EXERCISE REQUIREMENTS:
Could you print the stretch of lines below from the one with "An HVAC technician repairing a home system" through the one with "Bright bedroom with", exactly as they stand and without any pictures?

RECORDS FOR THIS EXERCISE:
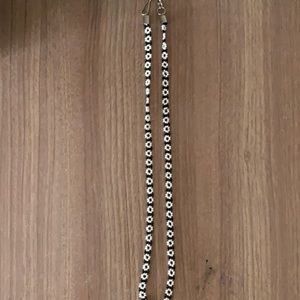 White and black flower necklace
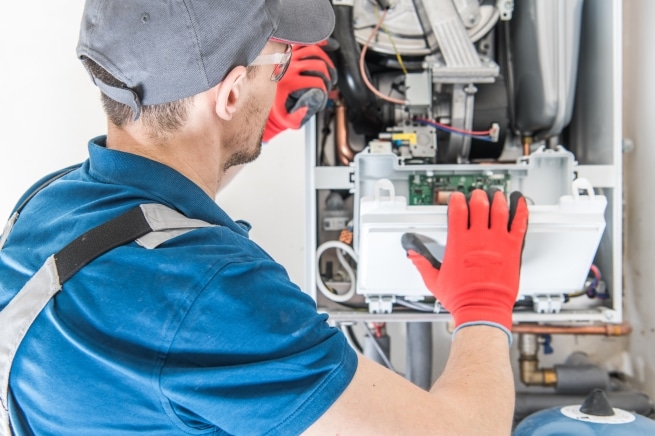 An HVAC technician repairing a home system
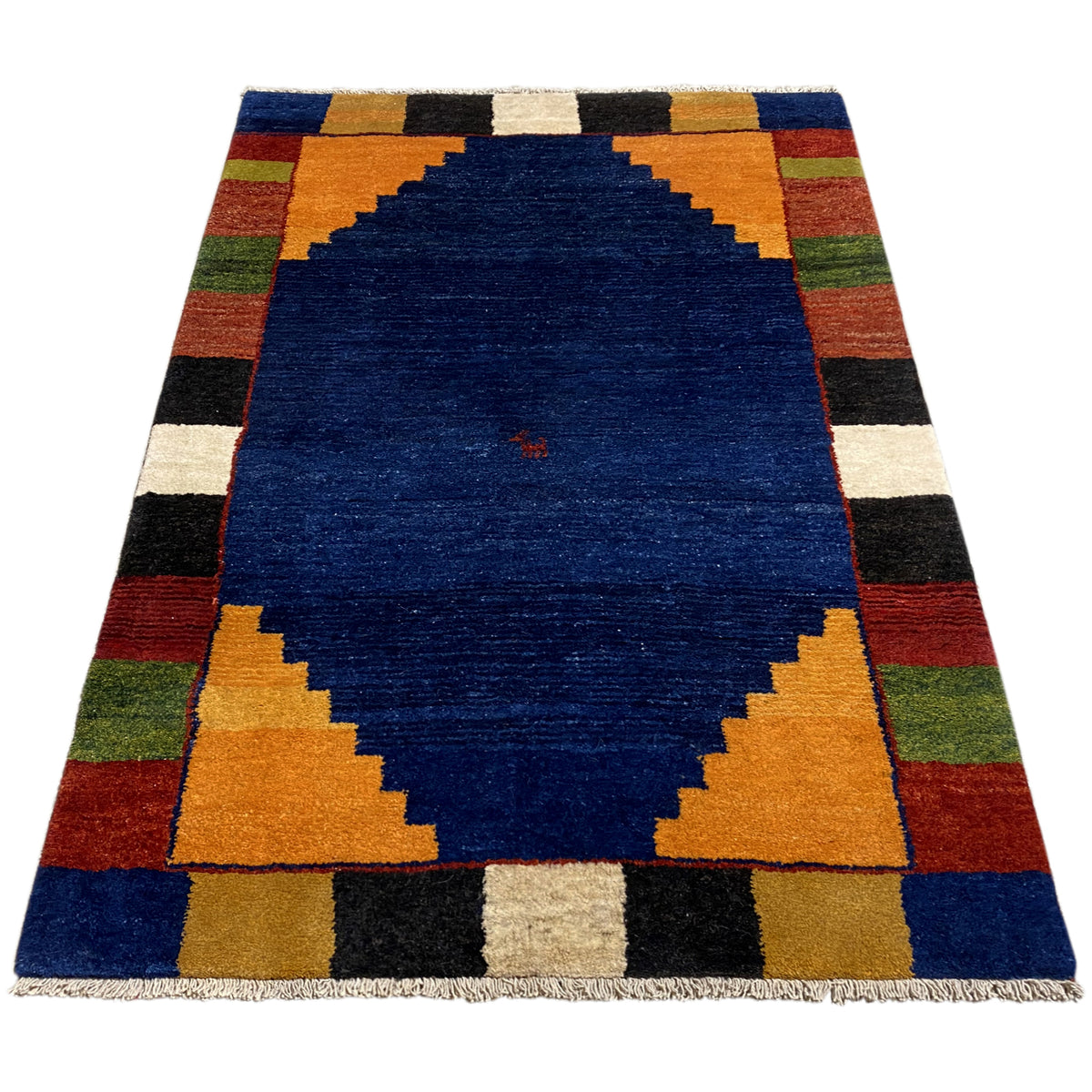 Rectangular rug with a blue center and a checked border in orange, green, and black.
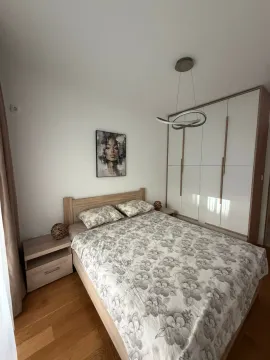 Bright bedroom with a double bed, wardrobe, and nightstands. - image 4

---

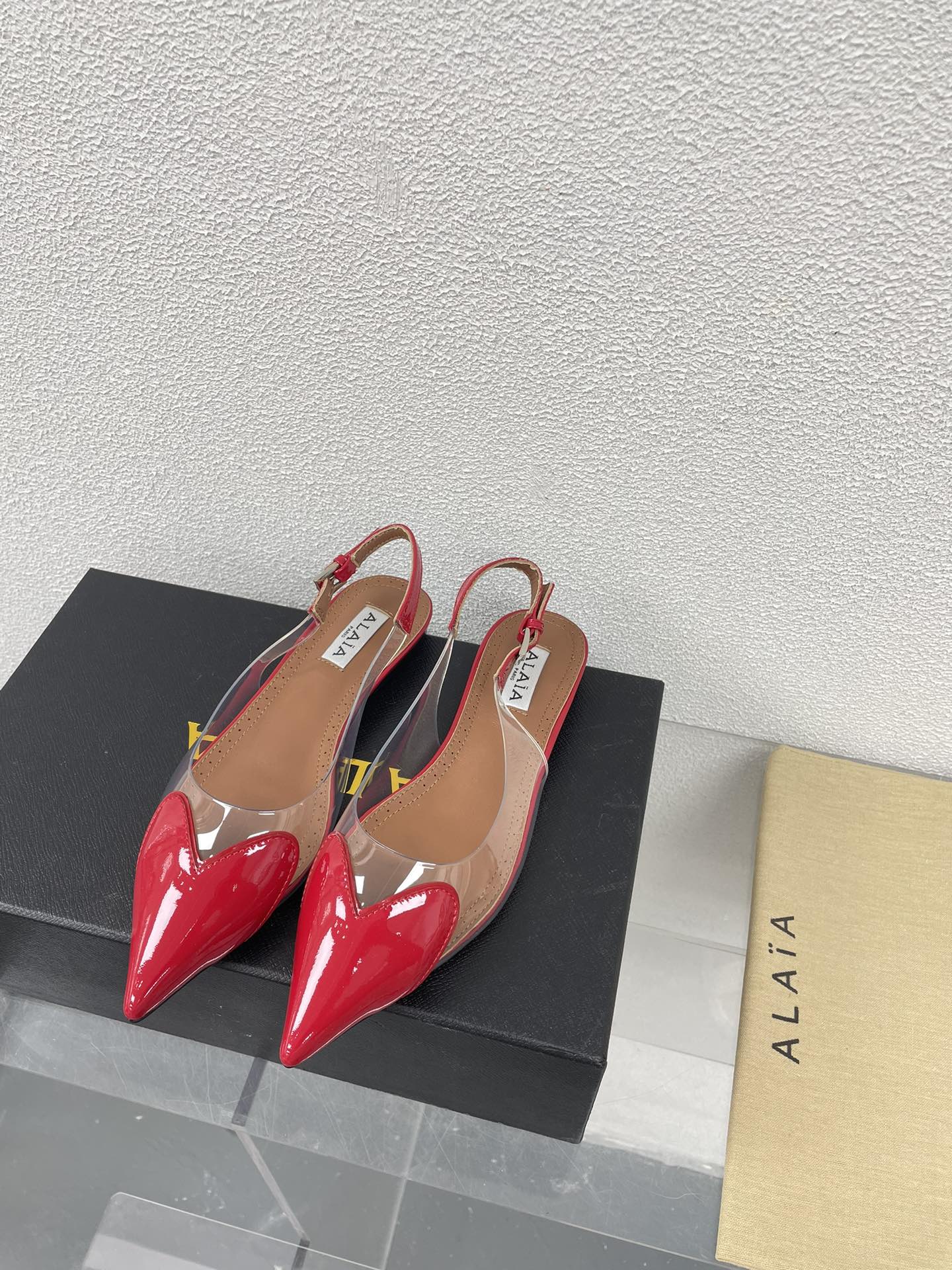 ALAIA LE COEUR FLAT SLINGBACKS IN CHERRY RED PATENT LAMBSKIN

RESPONSE AREA:
 An HVAC technician repairing a home system
 Rectangular rug with a blue center and a checked border in orange, green, and black.
 Bright bedroom with a double bed, wardrobe, and nightstands. - image 4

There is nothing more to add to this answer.